PROBLEM DESCRIPTION
Print every line exactly as it appears in the material below.

DATASET EXCERPT
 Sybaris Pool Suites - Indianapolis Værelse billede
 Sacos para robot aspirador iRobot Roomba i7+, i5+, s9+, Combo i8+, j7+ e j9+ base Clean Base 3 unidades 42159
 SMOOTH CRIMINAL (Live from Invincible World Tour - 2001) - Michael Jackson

SOLUTION TO THE EXERCISE
 Sybaris Pool Suites - Indianapolis Værelse billede
 Sacos para robot aspirador iRobot Roomba i7+, i5+, s9+, Combo i8+, j7+ e j9+ base Clean Base 3 unidades 42159
 SMOOTH CRIMINAL (Live from Invincible World Tour - 2001) - Michael Jackson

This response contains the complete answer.